Proposed Amendment: OSC Rule - 31-502 - Proficiency Requirements for Registrants

Request for Comment OSC Rule

REQUEST FOR COMMENTS

PROPOSED AMENDMENT TO

RULE 31-502 -- PROFICIENCY REQUIREMENTS FOR REGISTRANTS

Introduction

The Commission is proposing an amendment to Rule 31-502 -- Proficiency Requirements for Registrants.

Substance and Purpose of Proposed Amendment

The proposed amendment would remove limits on the number of "restricted representatives" an investment dealer may employ. Restricted representatives have their registration restricted to the sale of mutual funds as a condition of their eligibility for a temporary exemption from the proficiency requirements that are otherwise applicable to investment dealer salespersons. The amendment is proposed because these limits are no longer needed.

The amendment would be as follows: "Rule 31-502 Proficiency Requirements for Registrants is amended by deleting paragraph 2.1(3)(c) and adjusting the punctuation of subsection 2.1(3) accordingly".

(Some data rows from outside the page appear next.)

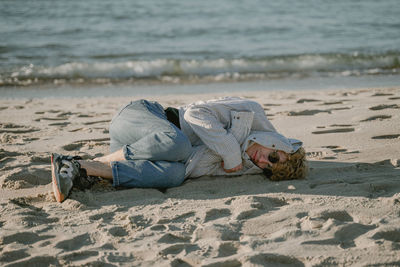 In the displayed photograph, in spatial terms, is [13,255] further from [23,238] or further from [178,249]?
[178,249]

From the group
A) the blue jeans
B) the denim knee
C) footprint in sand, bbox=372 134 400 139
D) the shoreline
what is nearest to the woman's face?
the blue jeans

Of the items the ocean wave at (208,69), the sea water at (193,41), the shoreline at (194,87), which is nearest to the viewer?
the shoreline at (194,87)

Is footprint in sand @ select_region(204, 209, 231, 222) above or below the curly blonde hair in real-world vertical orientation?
below

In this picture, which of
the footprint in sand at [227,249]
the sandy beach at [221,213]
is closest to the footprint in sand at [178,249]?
the sandy beach at [221,213]

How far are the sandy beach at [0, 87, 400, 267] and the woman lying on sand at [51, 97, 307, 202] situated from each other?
96 mm

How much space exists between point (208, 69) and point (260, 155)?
21.4 feet

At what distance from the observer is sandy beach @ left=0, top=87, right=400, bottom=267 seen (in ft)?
8.23

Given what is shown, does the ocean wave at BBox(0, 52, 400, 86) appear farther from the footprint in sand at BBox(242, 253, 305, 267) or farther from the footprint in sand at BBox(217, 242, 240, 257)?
the footprint in sand at BBox(242, 253, 305, 267)

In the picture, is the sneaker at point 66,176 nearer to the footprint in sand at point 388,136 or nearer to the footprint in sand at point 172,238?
the footprint in sand at point 172,238

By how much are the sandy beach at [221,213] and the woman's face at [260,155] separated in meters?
0.15

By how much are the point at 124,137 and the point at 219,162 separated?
0.79m

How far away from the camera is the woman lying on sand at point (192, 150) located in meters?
3.48

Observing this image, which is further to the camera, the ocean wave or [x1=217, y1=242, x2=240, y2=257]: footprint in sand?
the ocean wave

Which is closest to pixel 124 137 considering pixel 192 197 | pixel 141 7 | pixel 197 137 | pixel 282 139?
pixel 197 137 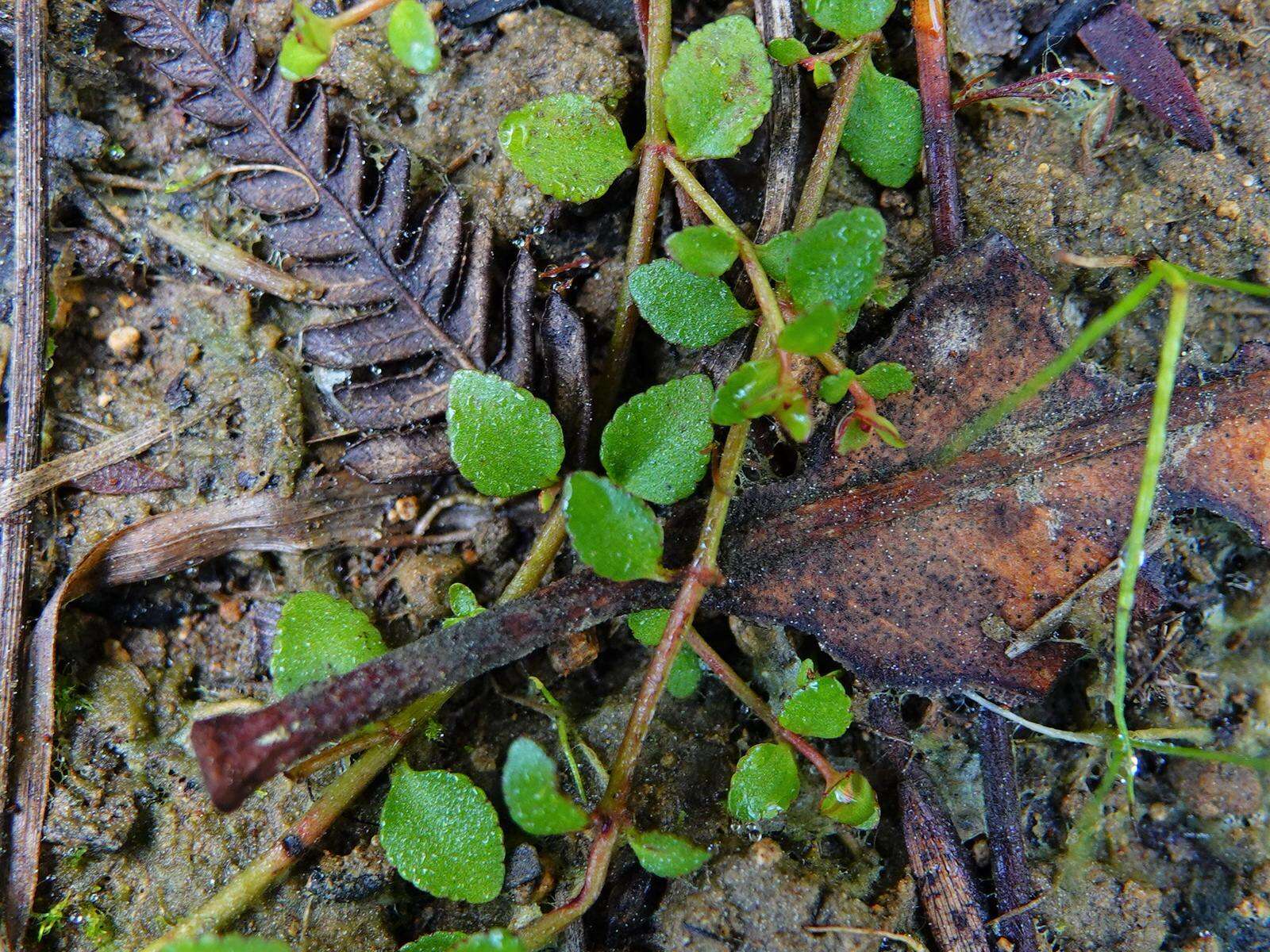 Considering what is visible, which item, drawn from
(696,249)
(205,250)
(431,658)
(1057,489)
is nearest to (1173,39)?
(1057,489)

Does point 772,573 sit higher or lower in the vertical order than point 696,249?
lower

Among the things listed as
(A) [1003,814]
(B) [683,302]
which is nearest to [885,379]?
(B) [683,302]

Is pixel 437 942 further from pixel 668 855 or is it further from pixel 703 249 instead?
pixel 703 249

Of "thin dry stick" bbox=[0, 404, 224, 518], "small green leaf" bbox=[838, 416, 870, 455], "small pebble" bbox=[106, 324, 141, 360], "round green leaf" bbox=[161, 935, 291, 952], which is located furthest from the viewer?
"small pebble" bbox=[106, 324, 141, 360]

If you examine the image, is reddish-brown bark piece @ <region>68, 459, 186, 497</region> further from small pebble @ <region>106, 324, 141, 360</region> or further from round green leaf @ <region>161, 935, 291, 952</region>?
round green leaf @ <region>161, 935, 291, 952</region>

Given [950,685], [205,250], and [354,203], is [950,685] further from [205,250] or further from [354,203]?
[205,250]

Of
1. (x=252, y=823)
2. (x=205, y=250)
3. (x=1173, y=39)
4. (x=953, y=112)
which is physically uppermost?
(x=1173, y=39)

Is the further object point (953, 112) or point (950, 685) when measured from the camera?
point (953, 112)

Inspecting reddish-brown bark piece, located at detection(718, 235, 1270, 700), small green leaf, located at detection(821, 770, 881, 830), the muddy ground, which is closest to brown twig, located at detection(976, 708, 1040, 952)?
the muddy ground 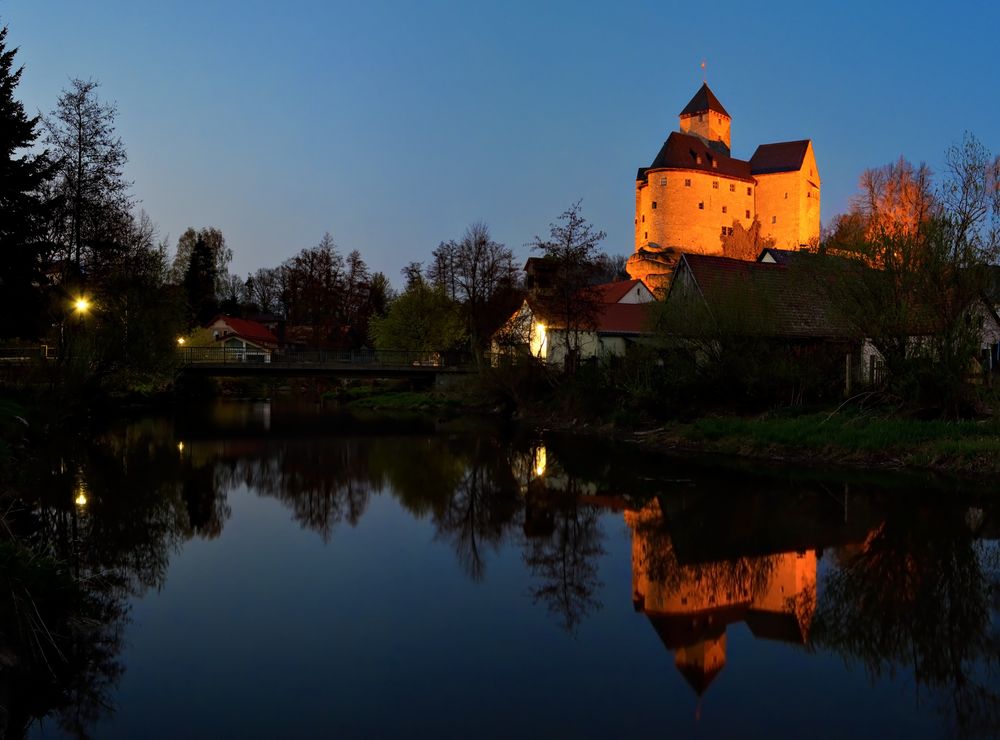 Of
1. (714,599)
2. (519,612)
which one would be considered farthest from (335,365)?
(714,599)

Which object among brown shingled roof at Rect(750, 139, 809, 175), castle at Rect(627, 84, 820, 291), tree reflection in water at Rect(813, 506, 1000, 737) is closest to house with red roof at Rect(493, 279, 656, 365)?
tree reflection in water at Rect(813, 506, 1000, 737)

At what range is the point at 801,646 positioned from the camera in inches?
274

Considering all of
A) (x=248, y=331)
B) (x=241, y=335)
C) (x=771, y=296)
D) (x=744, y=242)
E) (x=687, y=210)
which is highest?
(x=687, y=210)

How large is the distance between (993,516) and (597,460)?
9471 mm

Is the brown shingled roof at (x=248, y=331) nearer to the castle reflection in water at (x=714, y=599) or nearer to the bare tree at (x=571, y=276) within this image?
the bare tree at (x=571, y=276)

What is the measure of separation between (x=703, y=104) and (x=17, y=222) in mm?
96005

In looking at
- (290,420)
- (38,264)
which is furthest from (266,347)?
(38,264)

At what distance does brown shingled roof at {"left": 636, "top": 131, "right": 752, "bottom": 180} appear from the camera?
9444 centimetres

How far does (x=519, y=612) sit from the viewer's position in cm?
811

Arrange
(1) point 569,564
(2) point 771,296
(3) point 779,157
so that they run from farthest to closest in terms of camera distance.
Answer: (3) point 779,157 → (2) point 771,296 → (1) point 569,564

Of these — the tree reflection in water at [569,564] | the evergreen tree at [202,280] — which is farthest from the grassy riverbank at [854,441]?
the evergreen tree at [202,280]

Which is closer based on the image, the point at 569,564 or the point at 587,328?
the point at 569,564

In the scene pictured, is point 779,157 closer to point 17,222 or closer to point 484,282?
point 484,282

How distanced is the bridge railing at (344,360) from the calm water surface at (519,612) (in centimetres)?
3093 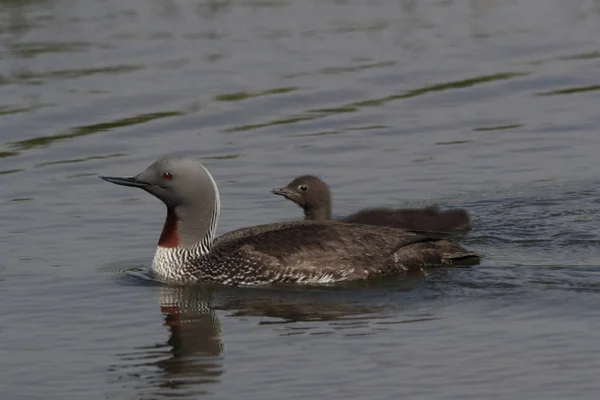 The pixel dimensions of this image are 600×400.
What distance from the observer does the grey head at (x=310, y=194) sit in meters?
14.6

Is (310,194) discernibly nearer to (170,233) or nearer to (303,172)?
(170,233)

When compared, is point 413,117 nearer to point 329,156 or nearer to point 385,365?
point 329,156

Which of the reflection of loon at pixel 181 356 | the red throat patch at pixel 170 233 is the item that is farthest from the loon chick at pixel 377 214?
the reflection of loon at pixel 181 356

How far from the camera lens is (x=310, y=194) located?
14.6m

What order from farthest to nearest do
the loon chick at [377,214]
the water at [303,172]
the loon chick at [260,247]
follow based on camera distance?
the loon chick at [377,214]
the loon chick at [260,247]
the water at [303,172]

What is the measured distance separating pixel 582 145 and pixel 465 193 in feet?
6.54

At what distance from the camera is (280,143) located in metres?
17.6

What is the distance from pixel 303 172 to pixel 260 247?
11.2 ft

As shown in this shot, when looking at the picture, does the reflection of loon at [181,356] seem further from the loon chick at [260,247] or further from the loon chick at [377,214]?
the loon chick at [377,214]

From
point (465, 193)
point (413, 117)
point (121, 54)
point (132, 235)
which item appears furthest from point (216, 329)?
point (121, 54)

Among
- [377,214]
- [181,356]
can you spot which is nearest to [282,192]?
[377,214]

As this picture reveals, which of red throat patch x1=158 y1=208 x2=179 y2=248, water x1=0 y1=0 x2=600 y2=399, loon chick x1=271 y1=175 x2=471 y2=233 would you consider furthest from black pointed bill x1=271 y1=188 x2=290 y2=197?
red throat patch x1=158 y1=208 x2=179 y2=248

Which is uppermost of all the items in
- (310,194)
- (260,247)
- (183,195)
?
(183,195)

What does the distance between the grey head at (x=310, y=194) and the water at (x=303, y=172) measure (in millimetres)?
490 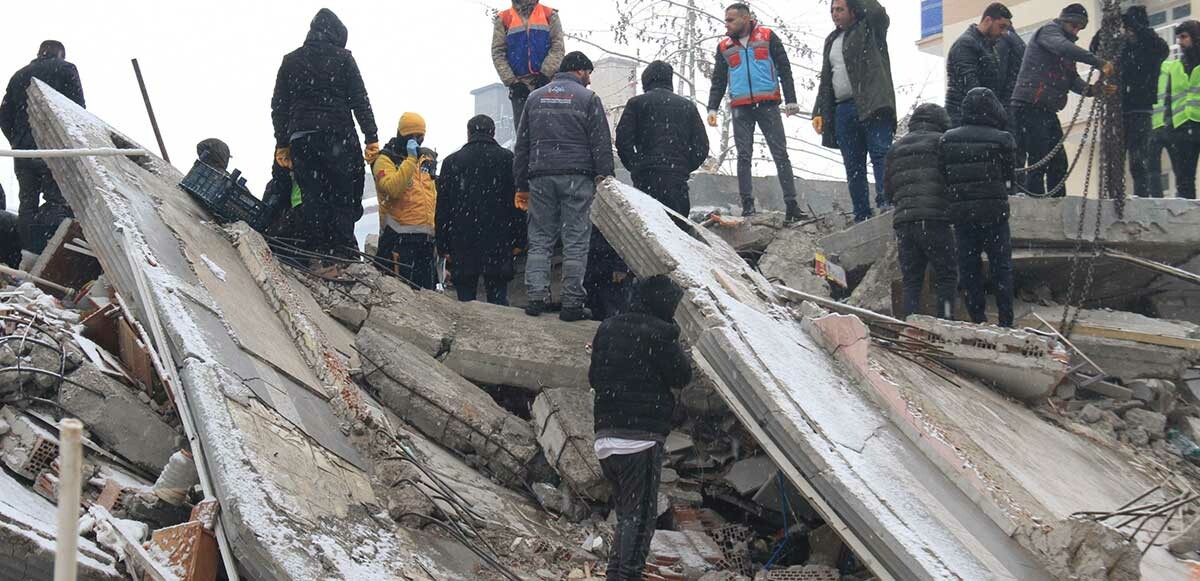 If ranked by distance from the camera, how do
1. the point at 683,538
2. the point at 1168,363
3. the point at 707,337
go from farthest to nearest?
the point at 1168,363
the point at 683,538
the point at 707,337

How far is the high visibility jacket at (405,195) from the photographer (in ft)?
27.7

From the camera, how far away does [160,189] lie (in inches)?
284

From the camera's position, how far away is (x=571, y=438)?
248 inches

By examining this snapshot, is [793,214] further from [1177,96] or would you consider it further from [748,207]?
[1177,96]

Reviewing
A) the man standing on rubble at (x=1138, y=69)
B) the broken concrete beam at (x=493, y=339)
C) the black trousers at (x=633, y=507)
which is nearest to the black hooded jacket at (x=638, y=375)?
the black trousers at (x=633, y=507)

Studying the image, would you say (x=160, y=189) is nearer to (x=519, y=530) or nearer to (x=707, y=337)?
(x=519, y=530)

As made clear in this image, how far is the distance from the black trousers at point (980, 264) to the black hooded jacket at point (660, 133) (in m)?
1.93

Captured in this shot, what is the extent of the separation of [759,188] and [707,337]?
5.47 metres

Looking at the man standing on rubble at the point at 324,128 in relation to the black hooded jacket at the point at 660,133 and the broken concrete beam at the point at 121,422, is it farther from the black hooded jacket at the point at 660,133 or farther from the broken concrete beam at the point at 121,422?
the broken concrete beam at the point at 121,422

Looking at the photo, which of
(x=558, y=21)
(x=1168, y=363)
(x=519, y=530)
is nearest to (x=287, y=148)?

Summary of the Proposed Amendment

Section 2.1 of Rule 31-502 prescribes proficiency requirements for salespersons of investment dealers (it also refers to brokers and securities dealers, but these are no longer used as categories of registration). Subsection 2.1(3) provides a temporary exemption from the usual proficiency requirements, allowing investment dealer salespersons newly-hired from mutual fund dealers to have their registration restricted to the sale of mutual funds for a period of 270 days so that they may have an opportunity to complete the courses required for unrestricted registration.

The provision that the proposed amendment would delete, paragraph 2.1(3)(c), limits the number of such restricted representatives that an investment dealer may employ in Ontario at any given time.

The limitation reflects former concerns of the Canadian Securities Administrators that unlimited access to the restricted representative exemption might threaten the viability of the Mutual Fund Dealers Association of Canada{1}, which was in the process of organizing at the time when subsection 2.1(3) was added to the Rule. This does not appear to be a concern at this time. There is no other reason to retain the limitation in paragraph (c).

Authority for Proposed Amendments

The following provisions of the Securities Act provide the Commission with authority to make the Rules and as such, to amend them: Paragraph 143(1)1 authorizes the Commission to make rules prescribing requirements in respect of applications for registration and the renewal, amendment, expiration or surrender of registration. Paragraph 143(1)2 authorizes the Commission to make rules prescribing the conditions of registration or other requirements for registrants or any category or sub-category of registrant.

Alternatives Considered

The Commission considered maintaining the limitation in paragraph 2.1(3)(c), but prefers to avoid unnecessary restrictions on the availability of exemptions under the Rule or the Act generally.

Unpublished Materials

In proposing this amendment, the Commission has not relied on any significant unpublished study, report, decision or other written materials.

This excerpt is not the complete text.